### Task statement
Return the full set of entries precisely. Do not carry over any pictures.

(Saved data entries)
******

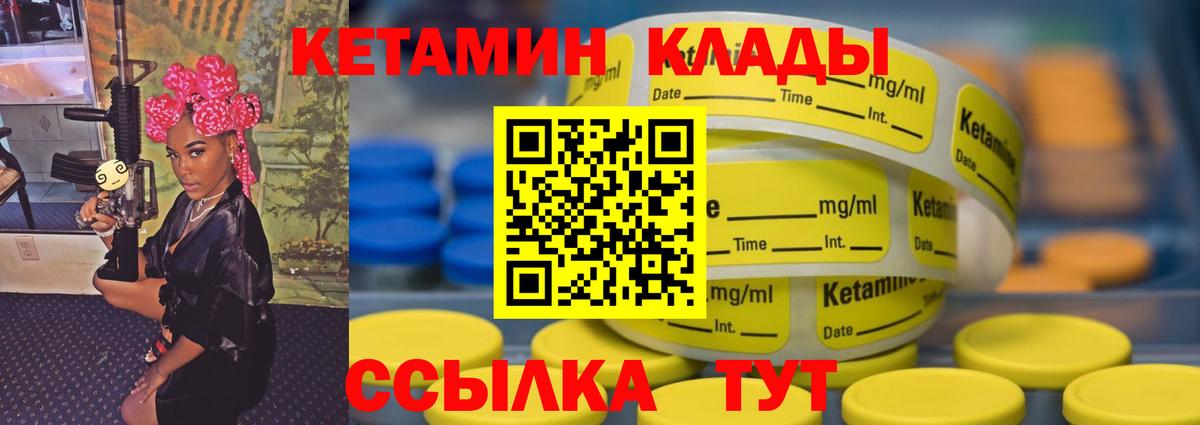 Кетамин ketamine Борзя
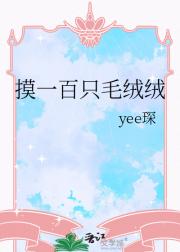 摸一百只毛绒绒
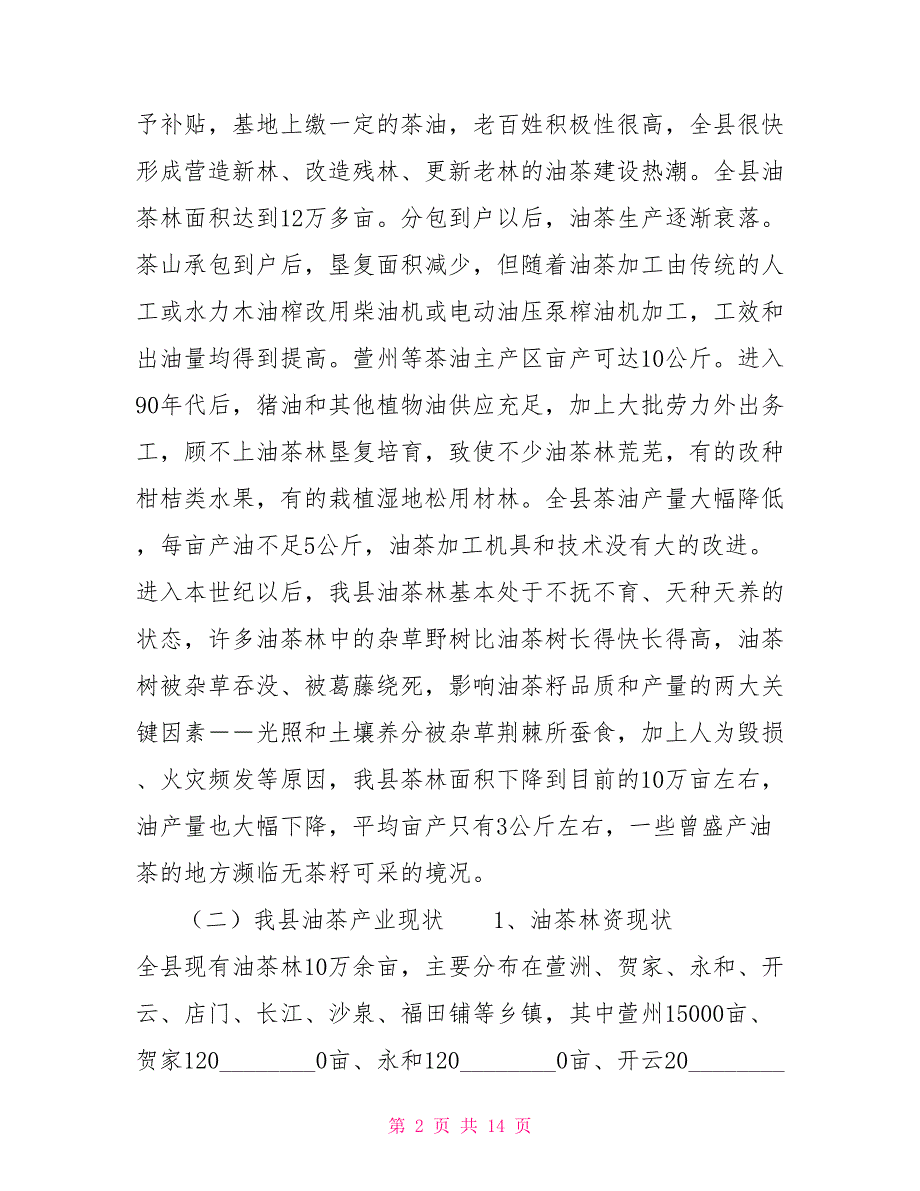 衡山县油茶产业发展调研报报告中国多地油茶产业_第2页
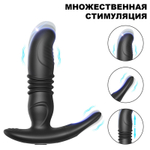 Вибромассажёр простаты, 10 режимов вибрации, 6 режима фрикций, пульт ДУ, USB, черный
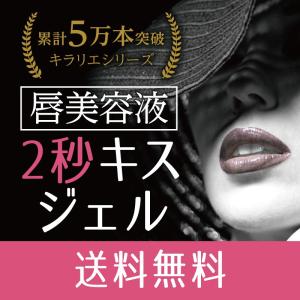 リップケア 唇美容液 くちびる キラリエ しわ 荒れに...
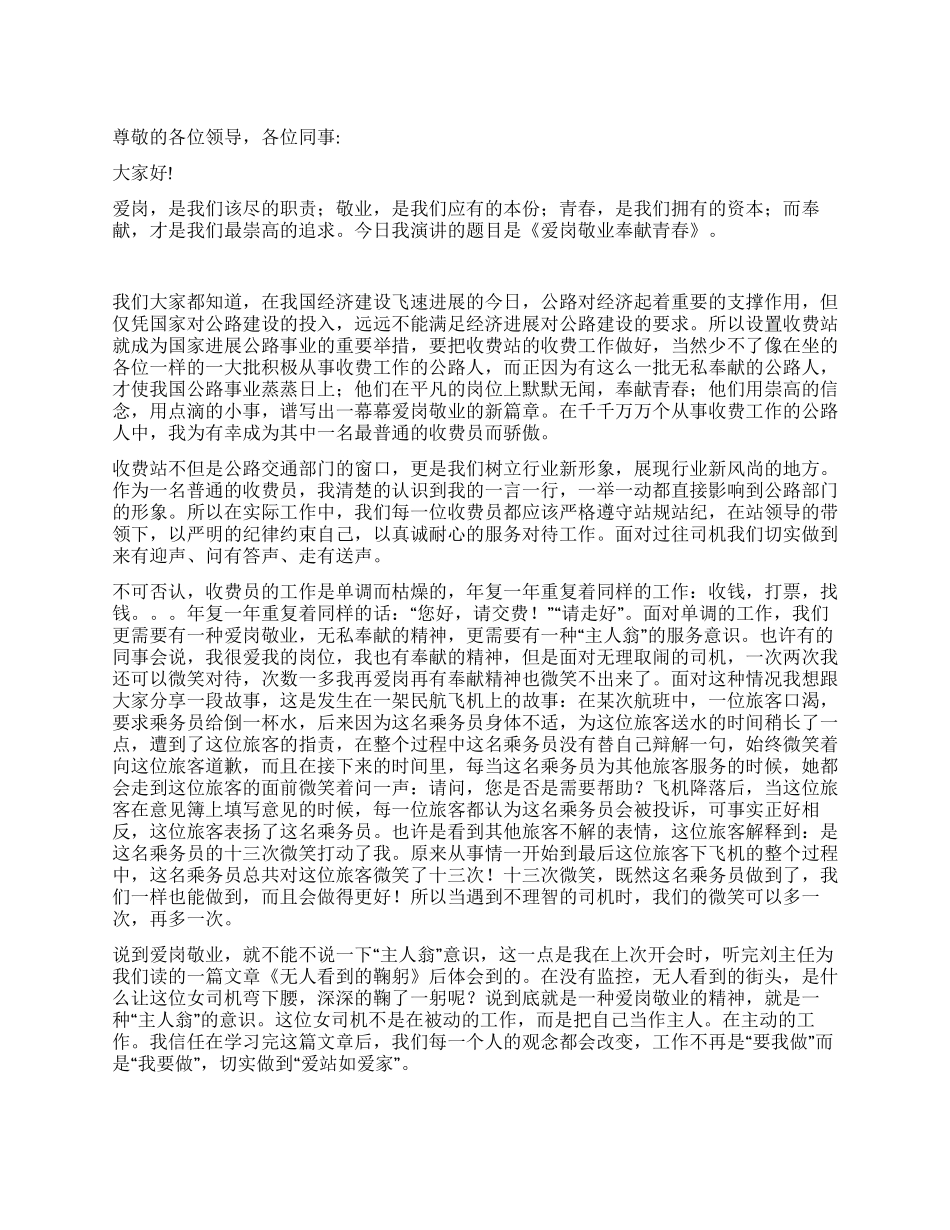 交通爱岗敬业演讲稿_第1页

******

### Result
 Кетамин ketamine Борзя
 摸一百只毛绒绒
 衡山县油茶产业发展调研报报告中国多地油茶产业_第2页
 Вибромассажёр простаты, 10 режимов вибрации, 6 режима фрикций, пульт ДУ, USB, черный
 リップケア 唇美容液 くちびる キラリエ しわ 荒れに...
 交通爱岗敬业演讲稿_第1页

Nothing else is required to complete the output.